Today, massive volumes of information are filled with the IT world. data shows that in the next decade, data and content around the world will increase by 44, 80% of which are unstructured data. The advent of the big data era brings challenges and opportunities to enterprises. How can enterprises quickly and effectively grasp valuable information and data when Big Data swept across the world? In the face of many big data and analysis products, many enterprises have begun to find a solution to big data. What is big data? According to Wikipedia's definition of big data, that is, a collection of data that cannot be crawled, managed, and processed by conventional software tools within a certain period of time. Gartner also raised three major challenges that big data brings to users: Variety type, Velocity speed, and Volume capacity ). Currently, users need to manage various data types and data structures, from traditional table data to emails, images, videos, social networks, and other information; speed indicates the speed at which dynamic data is quickly generated and processed. The speed requirement for data collection, processing, and use is the second challenge. When the data volume reaches the TB or PB level, traditional algorithms that process small amounts of data cannot process large datasets quickly and effectively enough. Both storage media and management analysis have been greatly challenged.Any single product cannot solve big data problemsThe advent of big data has become a top priority for enterprise development, and many IT giants have joined the ranks of big data to launch their own big data products, such as sap hana, Vertica acquired by HP, InfoSphere BigInsight of IBM, and Big Data Appliance of Oracle. Each Vendor's Big Data products have their own characteristics, however, can every product help enterprises comprehensively cope with big data problems? Zhu Hui, general manager of information management software at the IBM China R & D center, believes that "the big data problem needs a complete set of solutions to solve, any single product cannot completely solve the big data problems and challenges faced by users. It is necessary to integrate information management software, services, consulting and other products, and integrate traditional and innovative methods to solve the big data problem ."

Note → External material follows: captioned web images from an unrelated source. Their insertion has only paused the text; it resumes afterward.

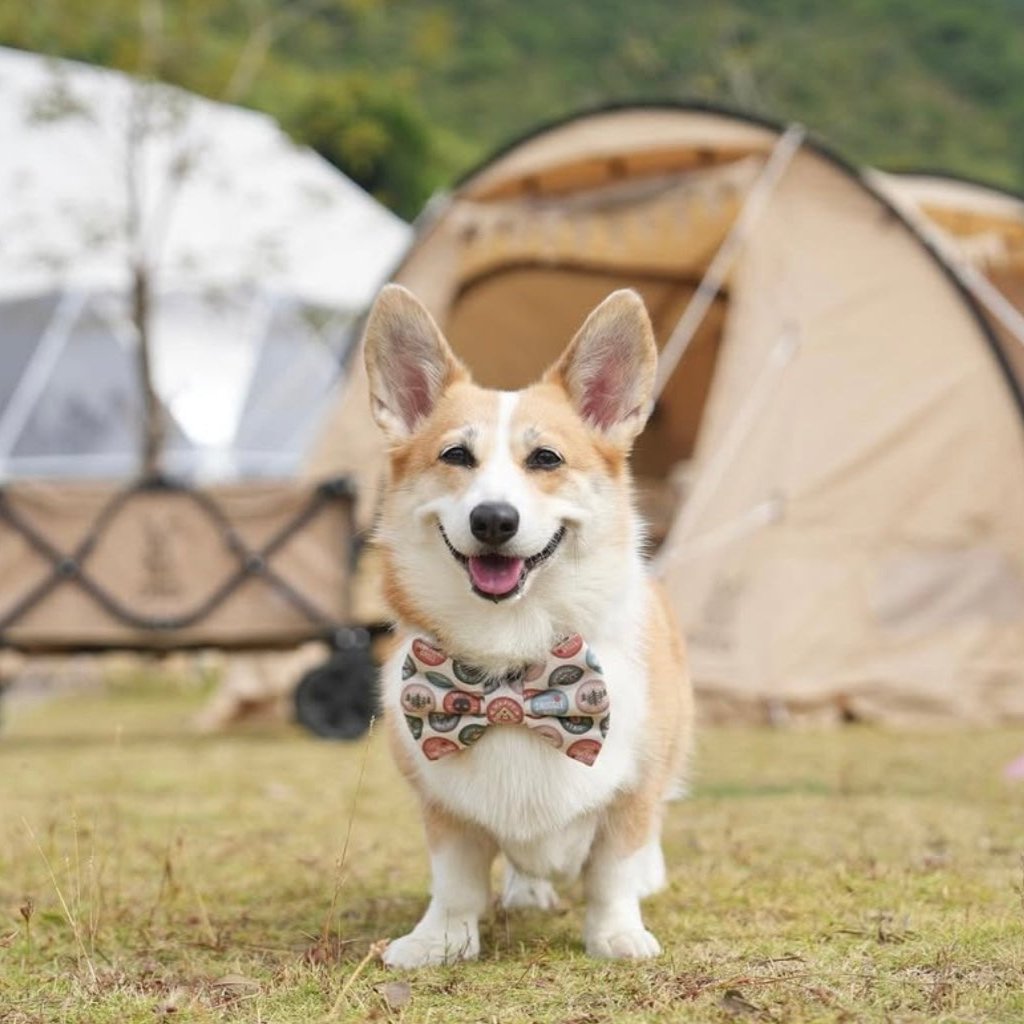 HAPPY CAMPER - Classic Tie-On Bandana Petite & Large // READY TO SHIP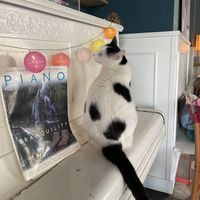   at Romeow Cat Bistrot in Rome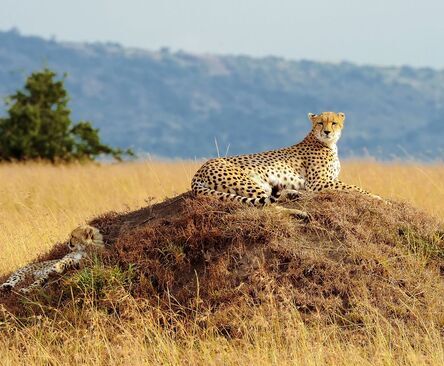 Kenia safari gepardi Masai Mara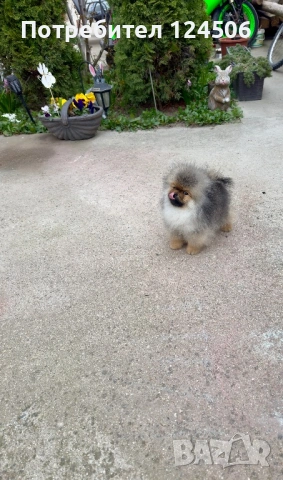 Померан мини померанче , снимка 2 - Померан - 53973290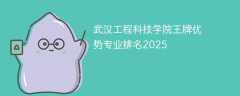 武汉工程科技学院王牌优势专业排名2025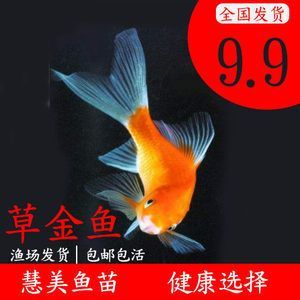 紅龍魚多長時間喂一次飼料好 龍魚百科 第3張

General Manager of information management software at IBM China R & D center
Along with the emergence of big data, Hadoop has become a hot word attracting users in the IT industry. The growth of Hadoop has also been supported by many enterprises, almost all IT vendors have successively announced their Hadoop-based big data strategies. However, can Hadoop solve all big data problems? Zhu Hui believes that "Hadoop technology is more suitable for analyzing massive static data, but it cannot meet the needs of dynamic analysis. Big data products have no substitution relationship with traditional relational databases and data warehouses, but are complementary. In the future, traditional data warehouses and OLTP online processing will all be integrated into one platform ." According to reports, the vision of the IBM Big Data Platform is to provide users with a big data environment through the IBM Big Data Solutions and client and Partner solutions, multiple open-source components such as Hadoop, HBase, and Jaql will be integrated at the same time, integrates with IBM data Warehouse InfoSphere, Netezza Warehouse, InfoSphere MDM for master data management, DB2 for database, content analysis ECM, business analysis Cognos and SPSS, marketing Unica, and InfoSphere Optim for data growth management. software. IBM will discuss and develop platform solutions for solving big data problems with customers.
Scarce Big Data Technical TalentsThe arrival of big data has brought infinite business opportunities to many enterprises. It is very important to understand and predict customers' preferences and market developments, master the core information content means that it will take the lead in the competition. Enterprises should seize this opportunity, but this requires support from technical personnel such as data analysis and predictive analysis. McKinsey's Global Research Institute predicts that in the next six years, only in the United States may face a shortage of 0.14 million to 0.19 million people with in-depth data analysis capabilities, at the same time, there is a gap of 1.5 million managers and analysts who analyze big data and make effective decisions for enterprises. In the face of many talent gaps, what strategies does IBM have to help enterprises cultivate and deliver relevant talents? Zhu Hui told reporters that IBM needs to work with its clients to learn and master big data talents. In terms of technology, IBM is based on its own solutions and platforms, vigorously cultivate big data solutions, including setting up courses and teaching materials in universities. According to IBM's "CIO-critical revelation of the global CIO survey", 83% of CIOs already have long-term plans covering business intelligence and analysis, and CIOs are starting to focus more on data, instead of applications. The ability to control big data is also related to the development of enterprises. This ability can help enterprises support business decisions. In the next few years, big data will gradually become part of the CIO's work.